(Short text fragments from websites)
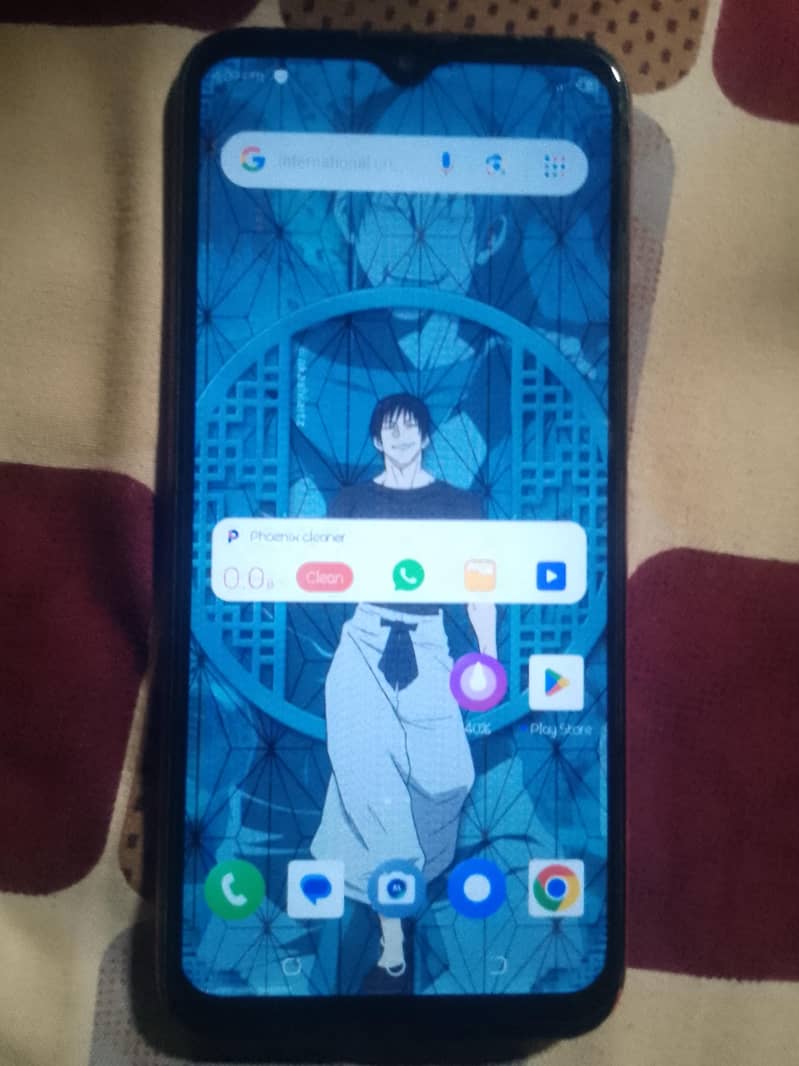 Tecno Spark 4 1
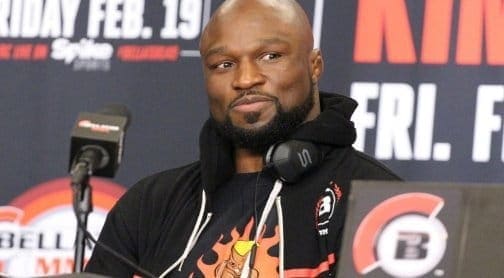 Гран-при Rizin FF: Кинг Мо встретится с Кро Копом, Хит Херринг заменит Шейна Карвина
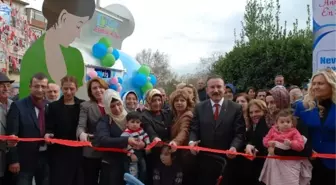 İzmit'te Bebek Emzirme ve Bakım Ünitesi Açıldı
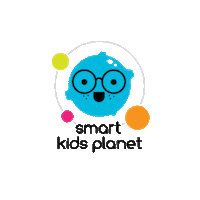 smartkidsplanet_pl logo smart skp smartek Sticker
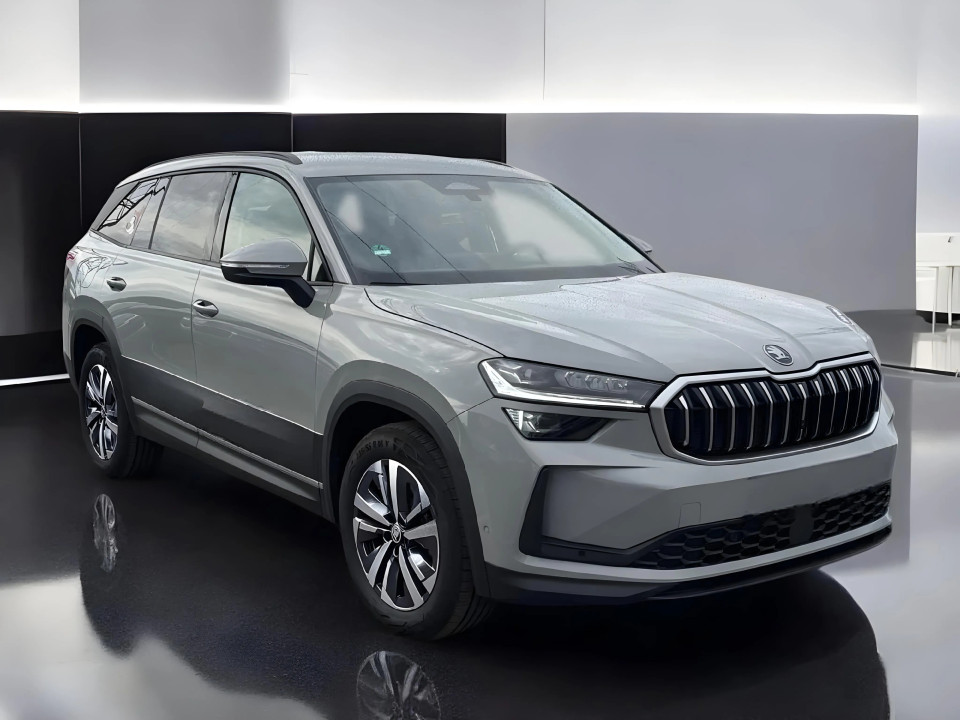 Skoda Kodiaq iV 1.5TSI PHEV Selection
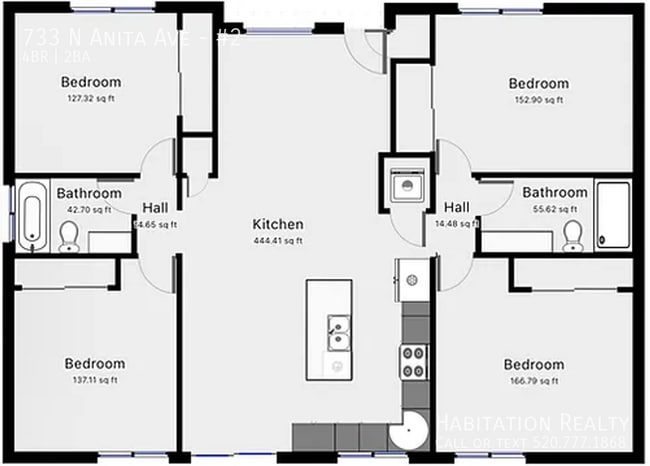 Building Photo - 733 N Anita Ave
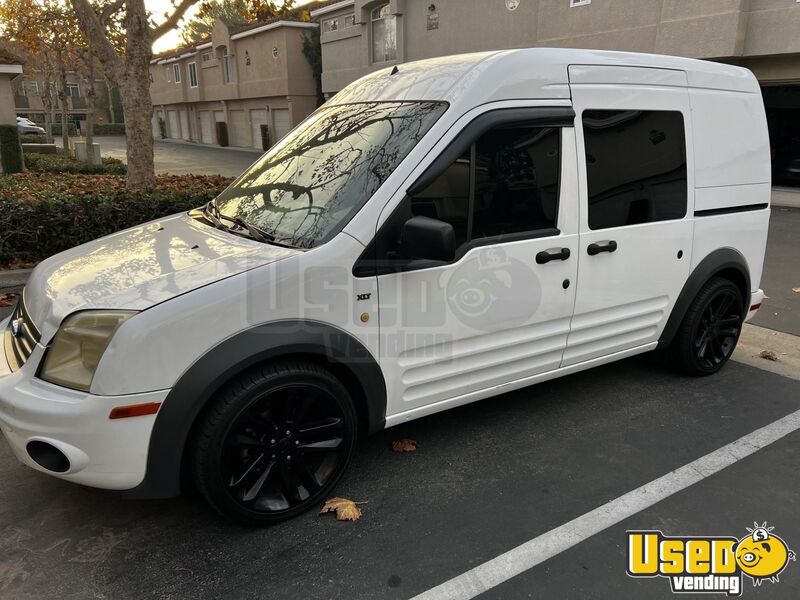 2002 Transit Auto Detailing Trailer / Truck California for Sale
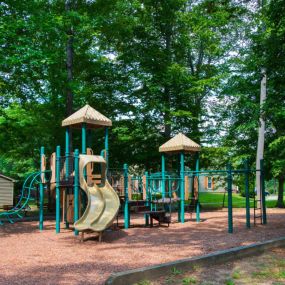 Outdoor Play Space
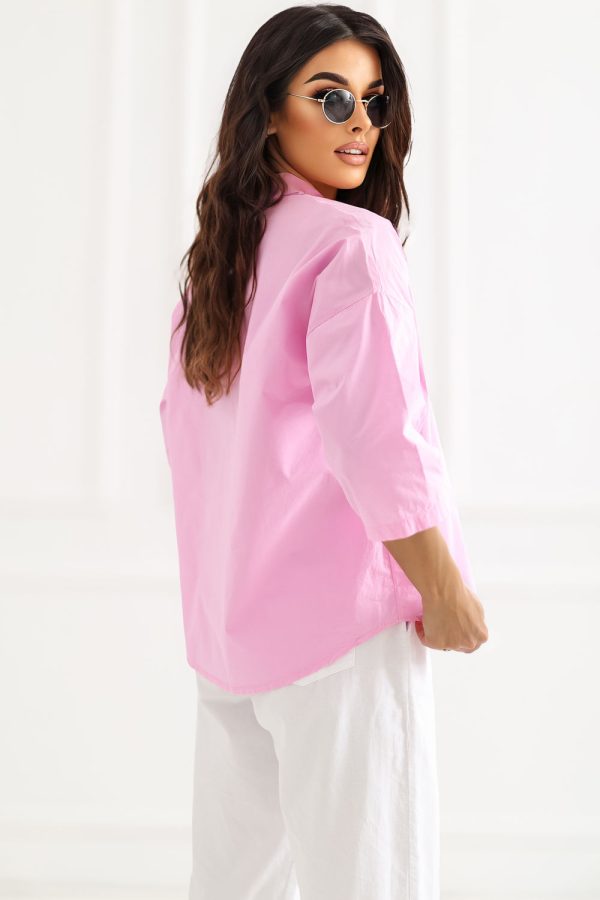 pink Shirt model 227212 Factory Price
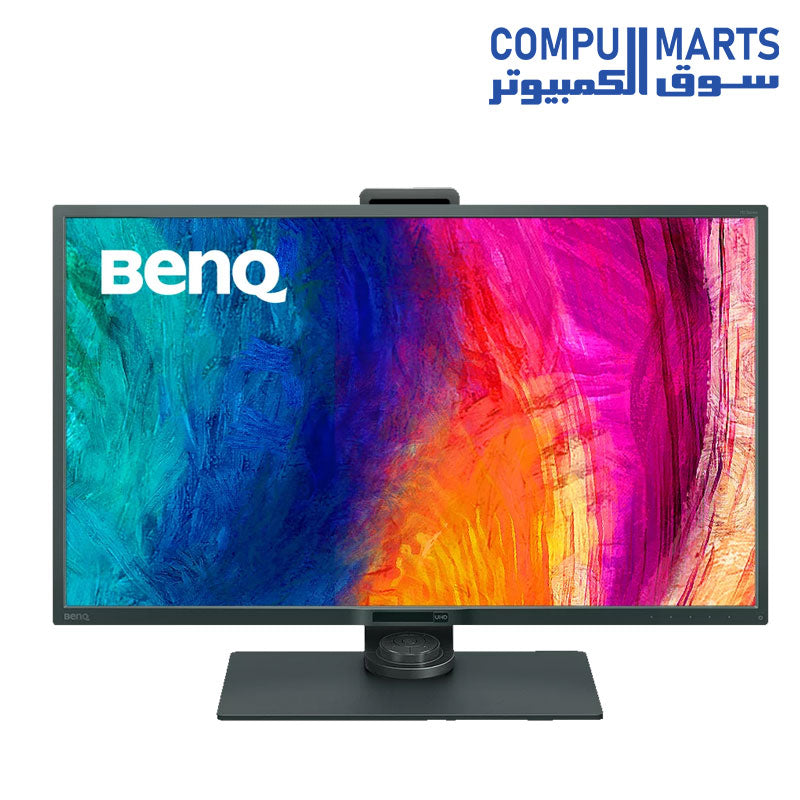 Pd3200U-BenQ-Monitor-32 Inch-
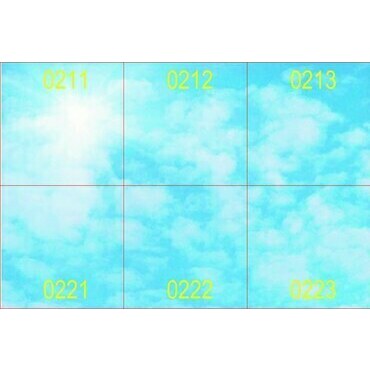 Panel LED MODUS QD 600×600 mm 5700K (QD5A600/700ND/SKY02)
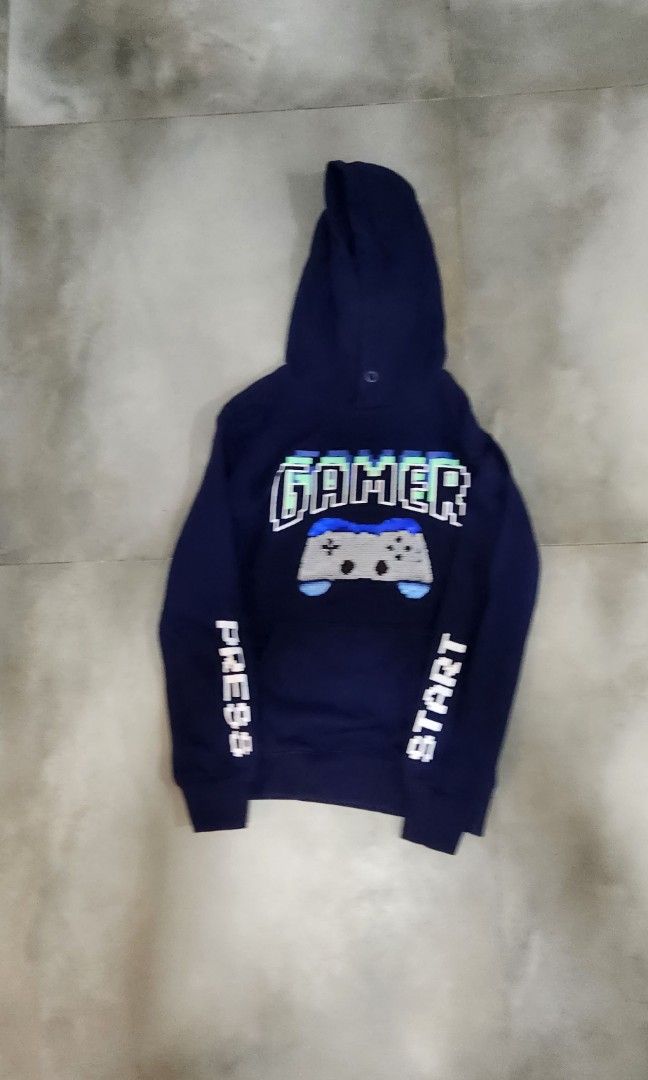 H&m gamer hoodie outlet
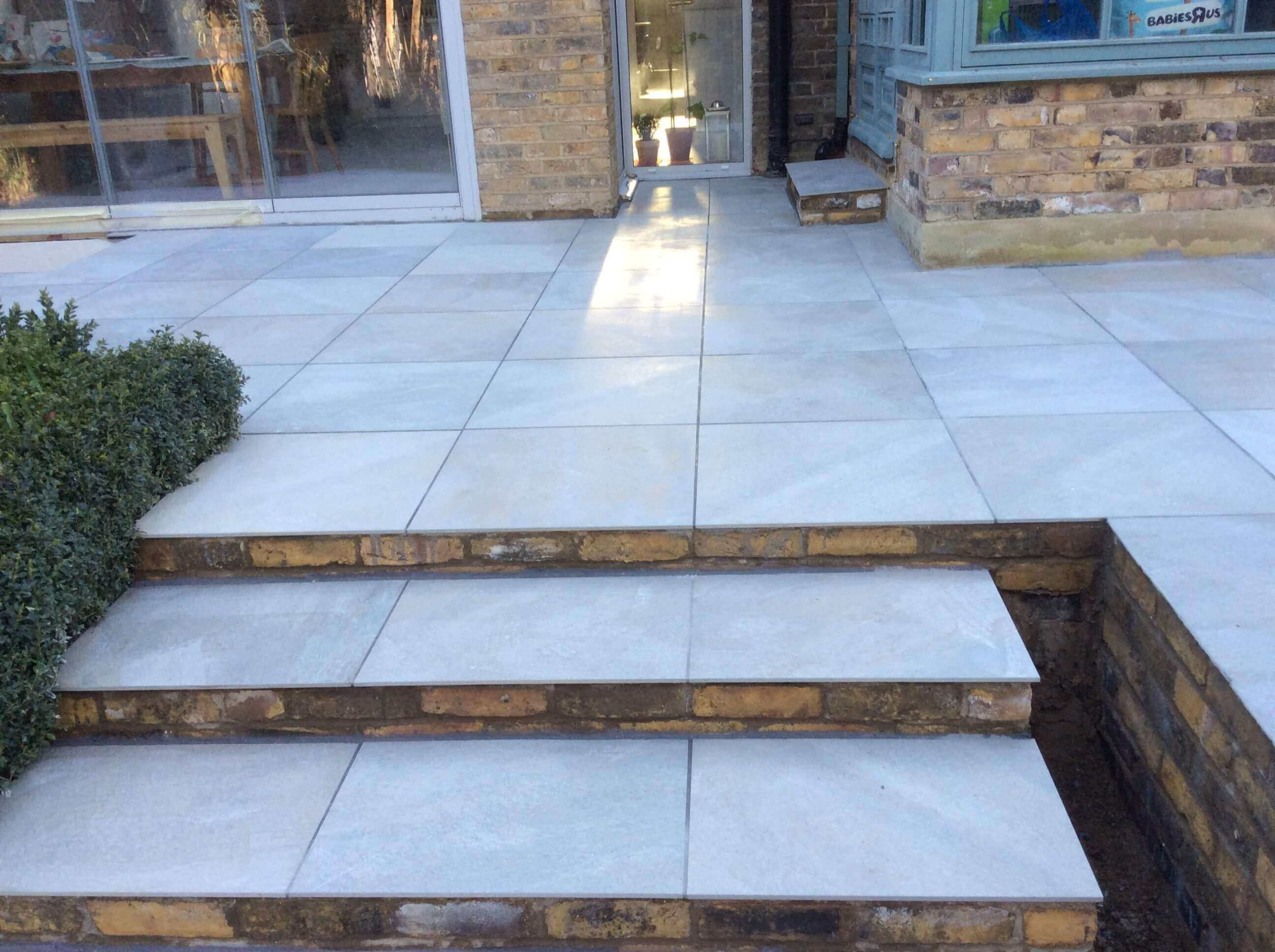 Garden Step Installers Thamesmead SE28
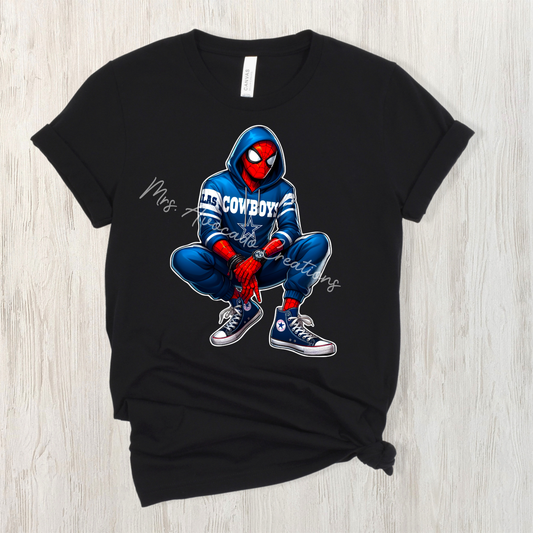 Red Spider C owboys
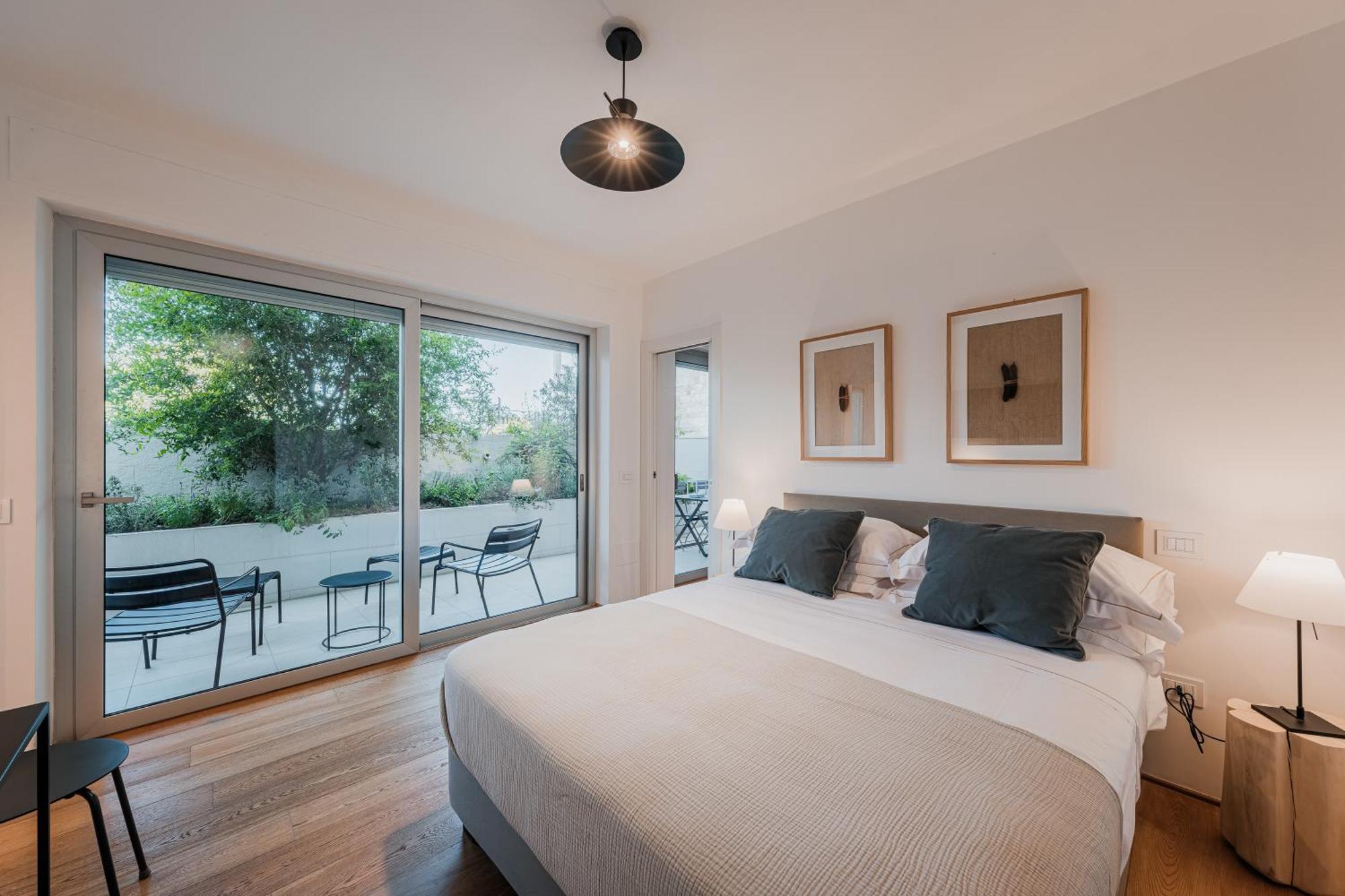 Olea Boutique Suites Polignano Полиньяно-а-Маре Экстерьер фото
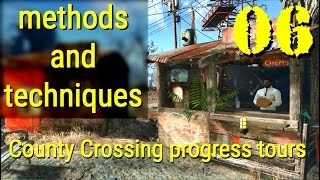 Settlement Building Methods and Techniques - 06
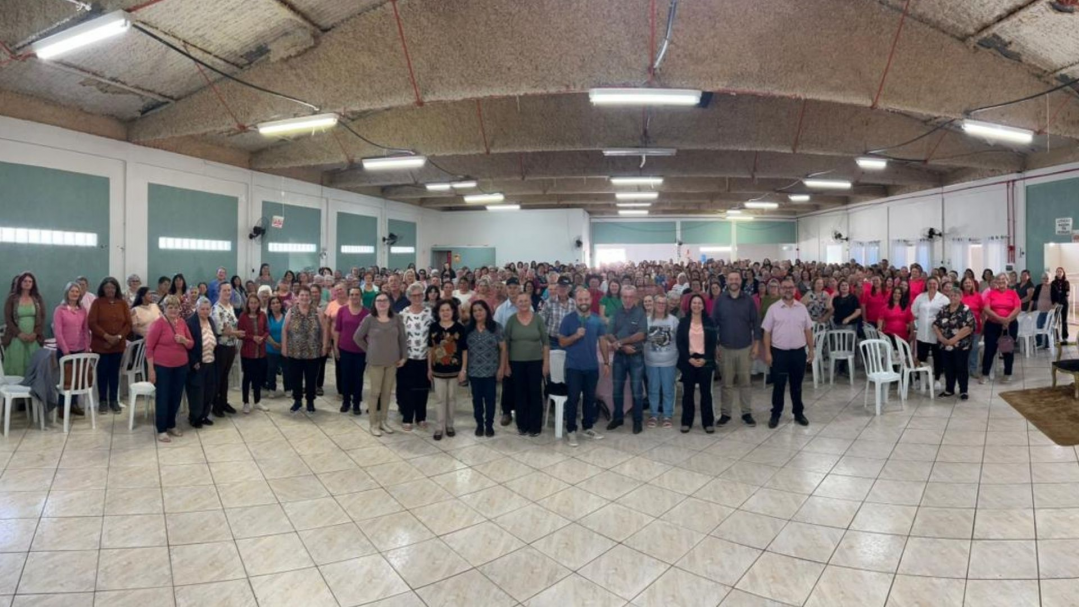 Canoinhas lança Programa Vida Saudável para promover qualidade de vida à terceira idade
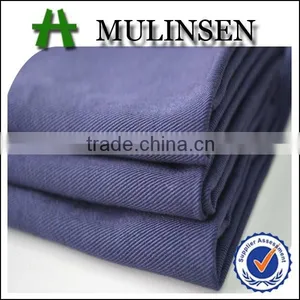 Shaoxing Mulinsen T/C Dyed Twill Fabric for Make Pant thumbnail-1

### TASK TO COMPLETE
Leave the pictures out. Extract exactly the lines running from the one with "smartkidsplanet_pl logo smart" through the last entry, both ends included.

### OUTPUT FOR THIS EXERCISE
 smartkidsplanet_pl logo smart skp smartek Sticker
 Skoda Kodiaq iV 1.5TSI PHEV Selection
 Building Photo - 733 N Anita Ave
 2002 Transit Auto Detailing Trailer / Truck California for Sale
 Outdoor Play Space
 pink Shirt model 227212 Factory Price
 Pd3200U-BenQ-Monitor-32 Inch-
 Panel LED MODUS QD 600×600 mm 5700K (QD5A600/700ND/SKY02)
 H&m gamer hoodie outlet
 Garden Step Installers Thamesmead SE28
 Red Spider C owboys
 Olea Boutique Suites Polignano Полиньяно-а-Маре Экстерьер фото
 Settlement Building Methods and Techniques - 06
 Canoinhas lança Programa Vida Saudável para promover qualidade de vida à terceira idade
 Shaoxing Mulinsen T/C Dyed Twill Fabric for Make Pant thumbnail-1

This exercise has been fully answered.